Scoville Units Unite

02 Aug

Anti-social media

I was initially quite excited by the launch of Google +, mainly due to it separating circles of friends in an easy to manage way.

I have been quite wary of posting things online due to overlapping circles of friends. A number of cases have emerged where people have been fired for gross misconduct for posting on facebook and the like about how their work sucked that day or that they hate their boss.

With the rise of social media, most people seem to look at it as basically an online version of blethering with mates down the pub or whatever. Does anyone know of any case where telling someone in the pub work sucked today ended in them being sacked? No doubt these were hard to prove, with no screencap of you saying it. I always looked on it as if an employer wants to control what I say outside mon-fri 9-5 they can pay me for those hours where they restrict my right to vent. Due to this I was always pretty strict about adding people from work to various social network sites etc.

The other work issue is what if I post to twitter at 10:30am when I am working. Seeing that tweet might be seen as evidence of skiving, what if I am in the middle of running a suite of unit tests though which is going to take 10minutes? Hard to prove.

With my blog I write a random assortment, food, rants, politics, religion, coding, geeky hobbies.

With facebook I have everything set to privacy-Max and went through the rubbish process of adding people to groups so that where appropriate I can only post to a group subset. I also tend to have purges every couple of months of people who I don’t really know, or my current gripe – organisations who set up accounts instead of pages/groups.

With twitter I have it locked down at private and really only allow people to follow me if I know them. I tend to post a mixture of humour, satire, politics. Twitter doesn’t have any way to only post to lists etc though.

With LinkedIn I set up a profile and use it as professional me online. That is a free for all and anyone I know can be added there. I don’t link it to my blog, twitter, facebook etc though.

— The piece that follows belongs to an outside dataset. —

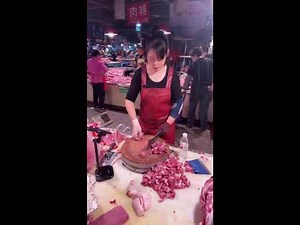 POV Female Butcher Cutting Pork — Real-Time Chinese Meat Market Skills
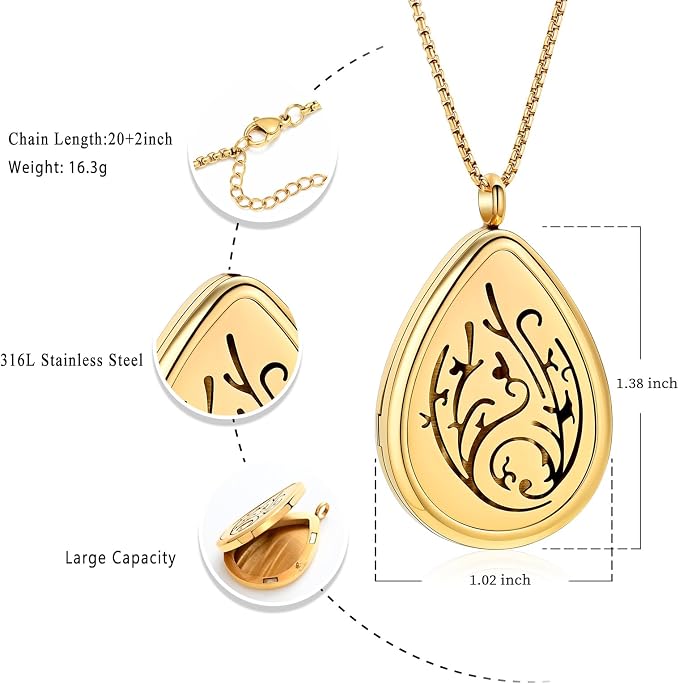 Tree of Life - Stainless Steel Teardrop Aromatherapy Essential Oil Diffuser Necklace Locket Necklace Pendant (Gold)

With Google Plus, separating circles of friends or acquaintances is much simpler though. I think with that I may use it as a free for all and just add people to lots of circles to separate messages.

How do you separate your private, personal, public and family life in the social media age?

3 Responses to “Anti-social media”

  1. 1
    Michael Says:

    “I can only post to a group subset” – I wondered why I rarely see updates from you anymore on FB!

    Facebook: highest privacy but could easily cull the friends list.

    Twitter: free-for-all, have had it private before but find it more entertaining public, not that I post much of interest.

    Google+: tumbleweed, though I like the circles idea – unfortunately it’s pretty much useless unless everyone migrates over from FB. I think there was good reason for the migration from Bebo/MySpace to FB, but as G+ is so similar can anyone really be bothered moving their entire social life over when the two sites are ultimately pretty similar?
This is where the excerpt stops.